“Feet on ground, heart in hand, facing forward. Be yourself”. Jann Arden
So I went to see Jann Arden last week. The tickets were a birthday present from my brother, which was really generous and unexpected. Since he moved out-of-town 15 years ago, we slowly shifted from sending presents on birthdays to just cards, to ecards, to phone calls. (I still try to send a real card in the mail because it’s fun, right?) so it was a total surprise that he did that for me. (Now the conscience part of me is thinking: is this what we are doing now? Are we back to giving presents? His birthday is in March so what do I do?
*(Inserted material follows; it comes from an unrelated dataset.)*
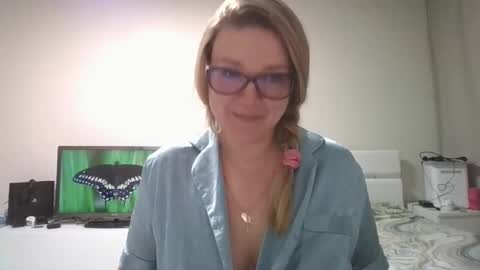 emma_misty_ online show from March 11, 9:07 pm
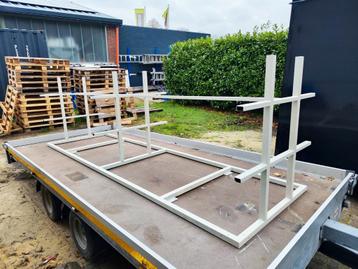 Opslag frame/regaal/container/werktafel Doe een leuk bod beschikbaar voor biedingen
Conundrum!) It was easy now, in any case, to send tickets as a gift through ticketmaster. You can buy them and then assign them to someone. All I needed to do was log into my ticketmaster account and there they were. I just needed to print them. (I realize this sounds like an 80 year-old discovering email for the first time and telling his grandkids about it, but I couldn’t believe how easy it was.)
Jann Arden, for me, is one of those artists with whom I really formed a strong connection with early on, and her music has always resonated with me. I think I can trace back learning about Jann Arden from a radio interview with Peter Gzowski on CBC’s Morningside back in the early ’90s. (Yes, I was and still am a public radio nerd, although I seem to listen to more American public radio stuff these days through the miracle of podcasts.) I was impressed with her insight and her openness in the interview and shortly after that I bought her CD second-hand at a comic book store. It was Living Under June and I really fell in love with it. That would have been 1994, the year that regular readers will recall that began for me on a psych ward being treated for Depression, and the “rebirth” I experienced that Spring when I was given another shot at life. I guess when soul meets music at certain flashbulb moments in one’s life, that music fuses to your nervous system like an alien symbiote and never lets you go. I’m not even all that concerned now (nor was I concerned then) whether it was cool or not to like Jann Arden’s music. I just did, and that was good enough for me. A wise man once said, “People like what they like” and this is no more true than it is with music.
When my wife and I started dating, one of the first “common ground” areas we found was that we both shared a love for Jann Arden’s music. I don’t even recall how we found out. I don’t think “How do you feel about Jann Arden”? is a normal ice-breaking kind of a question, but it must have come up at one point, and it was one of the first early signs that we could probably put up with each other.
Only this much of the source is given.